_AIM OF THE EXERCISE:_ The expected output is exactly the lines below, starting at the line with "Charles David Shoes" and ending at the line with "Brompton 2025 Tour de France Edition", both included; no other line belongs in it.

_DATA UNDER STUDY:_
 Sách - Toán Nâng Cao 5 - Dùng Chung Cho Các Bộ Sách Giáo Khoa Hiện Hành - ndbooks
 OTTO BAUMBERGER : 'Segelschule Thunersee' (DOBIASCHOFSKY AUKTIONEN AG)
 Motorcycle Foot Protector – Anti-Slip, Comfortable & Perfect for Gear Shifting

--

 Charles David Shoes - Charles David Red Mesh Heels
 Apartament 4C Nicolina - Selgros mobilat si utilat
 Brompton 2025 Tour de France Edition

_EXERCISE RESPONSE:_
 Charles David Shoes - Charles David Red Mesh Heels
 Apartament 4C Nicolina - Selgros mobilat si utilat
 Brompton 2025 Tour de France Edition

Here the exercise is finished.